Her ne kadar Komünist Enternasyonal’in Lenin zamanında bir programa kavuşması sağlanamadıysa da, bu dönem içerisinde Mustafa Suphi zamanında kabul edilen TKP Programı Lenin zamanında Komünist Enternasyonal bünyesinde ortaya konan üç program metninden biridir.
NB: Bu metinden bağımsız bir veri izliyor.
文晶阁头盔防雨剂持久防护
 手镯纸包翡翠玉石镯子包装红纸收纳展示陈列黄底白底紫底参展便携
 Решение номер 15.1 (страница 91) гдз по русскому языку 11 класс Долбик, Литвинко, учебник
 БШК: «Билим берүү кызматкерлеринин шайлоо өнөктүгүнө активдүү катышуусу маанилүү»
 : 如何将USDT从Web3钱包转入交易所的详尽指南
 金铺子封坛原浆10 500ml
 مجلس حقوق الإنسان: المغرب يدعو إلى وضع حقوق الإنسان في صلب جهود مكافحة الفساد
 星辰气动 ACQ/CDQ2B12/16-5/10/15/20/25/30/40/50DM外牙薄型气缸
Kuruluş kongresinde Kabul edilen program, Komünist Enternasyonal çizgisini o zamanın Türkçesiyle gayet açık ve seçik biçimde ifade eden bir siyasal metindir.
Bu maksatla, Komünist Enternasyonal’e katılmanın şartlarını tarif eden «21 Koşul» ve Komünist Enternasyonal’in kuruluş kongresinde bu enternasyonalin temel amaç ve ilkelerini içeren «Komünist Enternasyonal Platformu» belgeleri ile birlikte; TKP Programının «İlke ve Esaslar» başlıklı giriş bölümünü de bir temel başvuru kaynağı olarak kabul edip, şart koşuyoruz.
Komünistlerin birliğini sağlamayı hedefleyenler olarak temel kalkış noktalarımız, vazgeçmeyeceğimiz, gerisine düşmeyeceğimiz amaç ve ilkelerimiz bu başvuru kaynaklarının ışığında benimsenmiştir.